Supplied data:
————
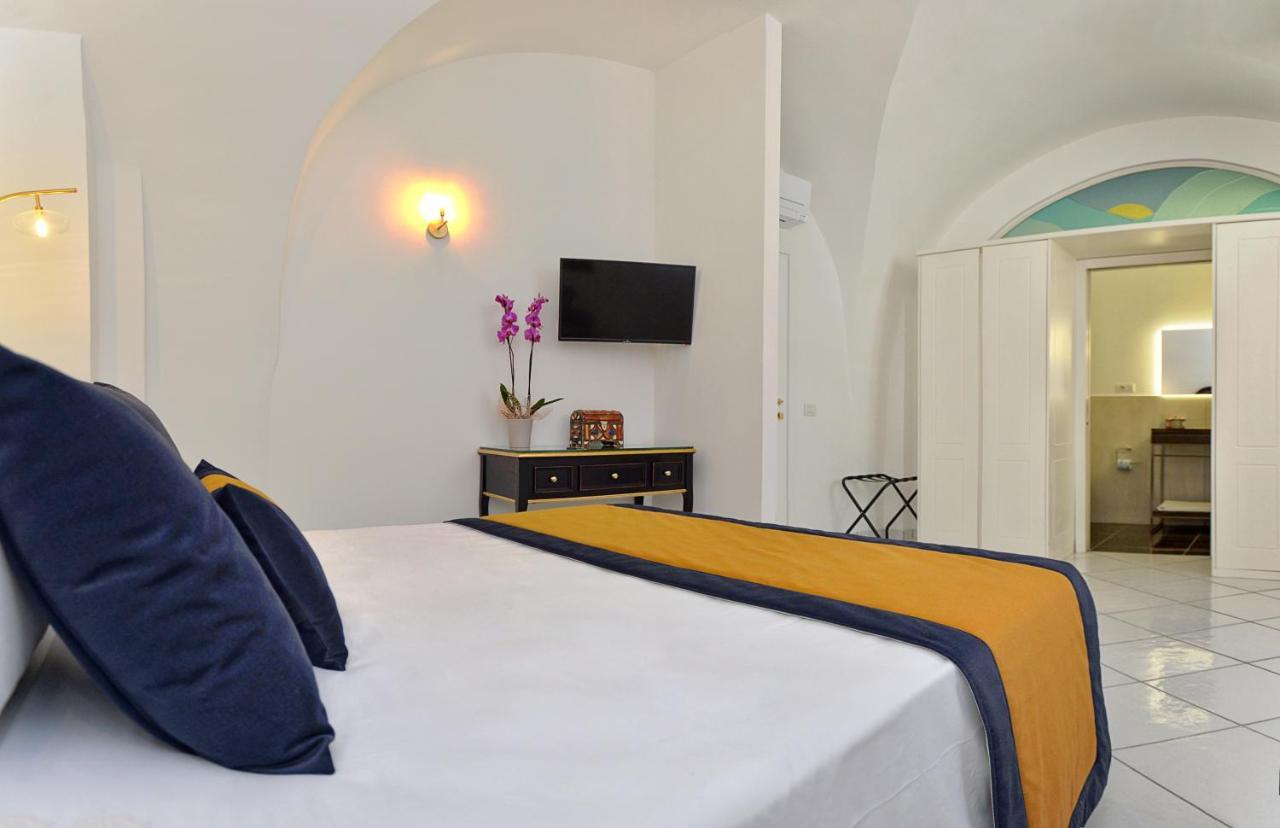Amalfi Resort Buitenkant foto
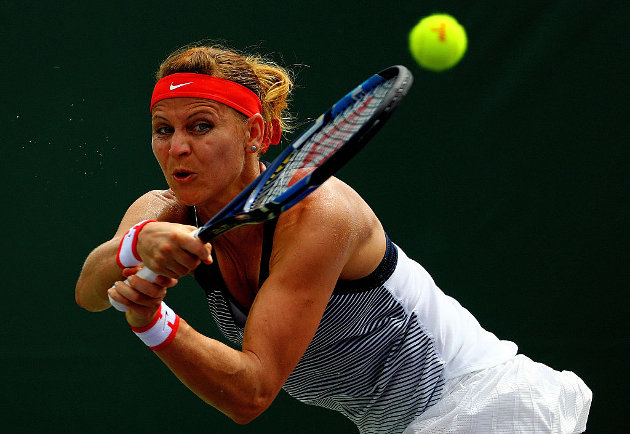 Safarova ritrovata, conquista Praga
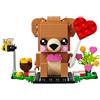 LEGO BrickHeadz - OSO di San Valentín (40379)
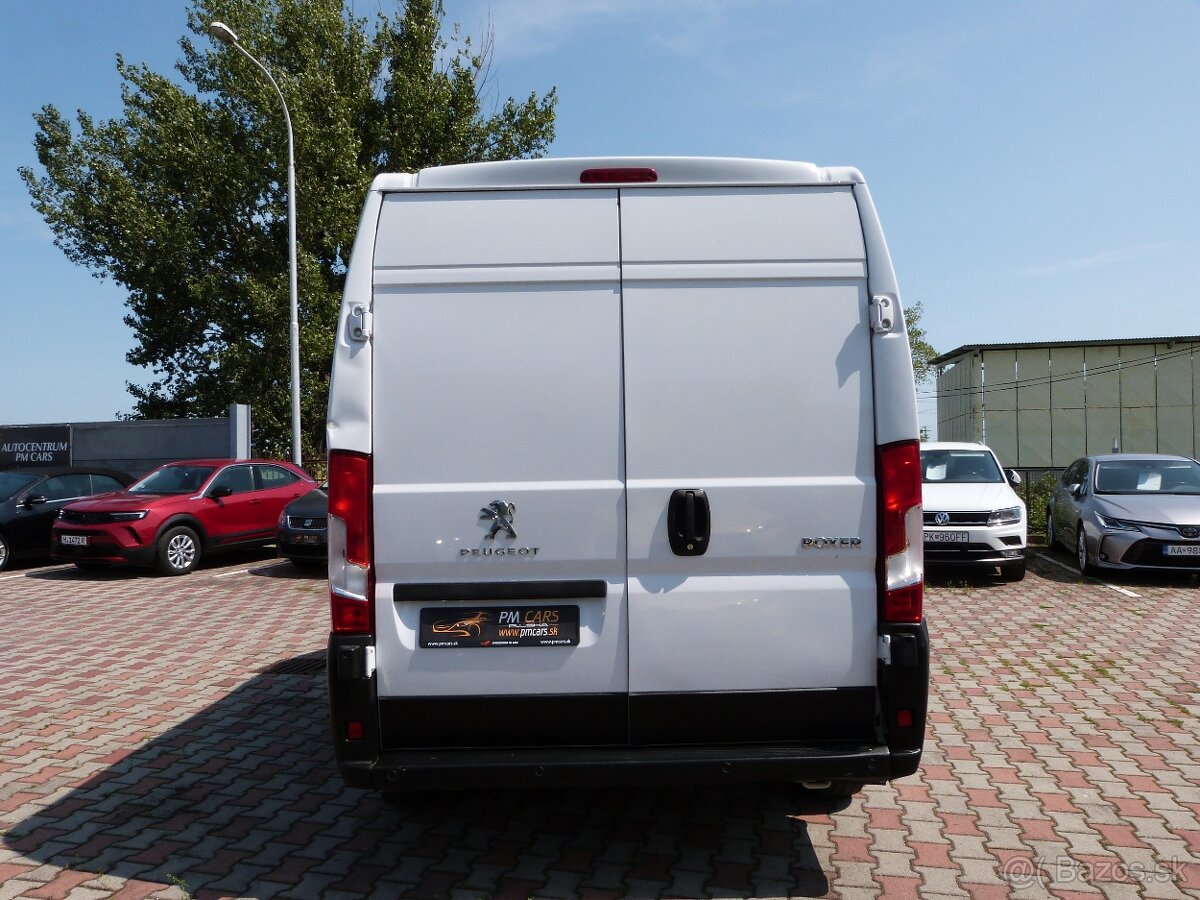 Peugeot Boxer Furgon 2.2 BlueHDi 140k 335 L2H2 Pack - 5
————
Work instruction:
Quote the data above in full, leaving out the pictures it holds.

Task result:
Amalfi Resort Buitenkant foto
 Safarova ritrovata, conquista Praga
 LEGO BrickHeadz - OSO di San Valentín (40379)
 Peugeot Boxer Furgon 2.2 BlueHDi 140k 335 L2H2 Pack - 5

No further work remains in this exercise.